#### Task item
Once the line containing "Photo 7 from" is found, set down that line and each one after it exactly, through the end of the entries.

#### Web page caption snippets
━━━━━━━━━━

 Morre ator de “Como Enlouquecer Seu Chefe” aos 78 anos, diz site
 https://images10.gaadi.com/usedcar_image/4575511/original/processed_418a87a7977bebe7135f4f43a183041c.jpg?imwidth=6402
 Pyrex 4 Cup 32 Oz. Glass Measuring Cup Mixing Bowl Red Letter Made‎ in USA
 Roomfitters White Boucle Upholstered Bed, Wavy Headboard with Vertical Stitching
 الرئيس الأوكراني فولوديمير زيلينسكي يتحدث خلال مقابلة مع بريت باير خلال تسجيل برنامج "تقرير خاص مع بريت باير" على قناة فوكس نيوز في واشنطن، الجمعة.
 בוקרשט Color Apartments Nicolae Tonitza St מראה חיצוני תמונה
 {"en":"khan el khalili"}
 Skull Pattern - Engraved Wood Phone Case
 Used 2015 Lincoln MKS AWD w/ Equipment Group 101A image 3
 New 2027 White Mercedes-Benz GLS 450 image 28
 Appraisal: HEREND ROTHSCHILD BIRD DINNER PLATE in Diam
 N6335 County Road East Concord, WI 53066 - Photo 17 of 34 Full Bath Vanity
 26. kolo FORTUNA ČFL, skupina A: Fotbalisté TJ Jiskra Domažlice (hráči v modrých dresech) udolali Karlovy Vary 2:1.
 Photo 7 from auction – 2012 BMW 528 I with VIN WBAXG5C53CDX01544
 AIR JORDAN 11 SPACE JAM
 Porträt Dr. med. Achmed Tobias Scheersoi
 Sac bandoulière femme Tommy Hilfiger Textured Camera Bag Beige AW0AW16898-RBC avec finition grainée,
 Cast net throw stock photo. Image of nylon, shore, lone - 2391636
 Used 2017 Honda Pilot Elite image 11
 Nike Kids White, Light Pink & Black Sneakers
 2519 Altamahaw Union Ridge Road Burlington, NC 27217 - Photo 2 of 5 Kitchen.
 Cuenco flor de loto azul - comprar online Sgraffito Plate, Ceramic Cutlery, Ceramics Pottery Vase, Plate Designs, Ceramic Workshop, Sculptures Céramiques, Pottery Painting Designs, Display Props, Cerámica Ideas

━━━━━━━━━━

#### Final answer
 Photo 7 from auction – 2012 BMW 528 I with VIN WBAXG5C53CDX01544
 AIR JORDAN 11 SPACE JAM
 Porträt Dr. med. Achmed Tobias Scheersoi
 Sac bandoulière femme Tommy Hilfiger Textured Camera Bag Beige AW0AW16898-RBC avec finition grainée,
 Cast net throw stock photo. Image of nylon, shore, lone - 2391636
 Used 2017 Honda Pilot Elite image 11
 Nike Kids White, Light Pink & Black Sneakers
 2519 Altamahaw Union Ridge Road Burlington, NC 27217 - Photo 2 of 5 Kitchen.
 Cuenco flor de loto azul - comprar online Sgraffito Plate, Ceramic Cutlery, Ceramics Pottery Vase, Plate Designs, Ceramic Workshop, Sculptures Céramiques, Pottery Painting Designs, Display Props, Cerámica Ideas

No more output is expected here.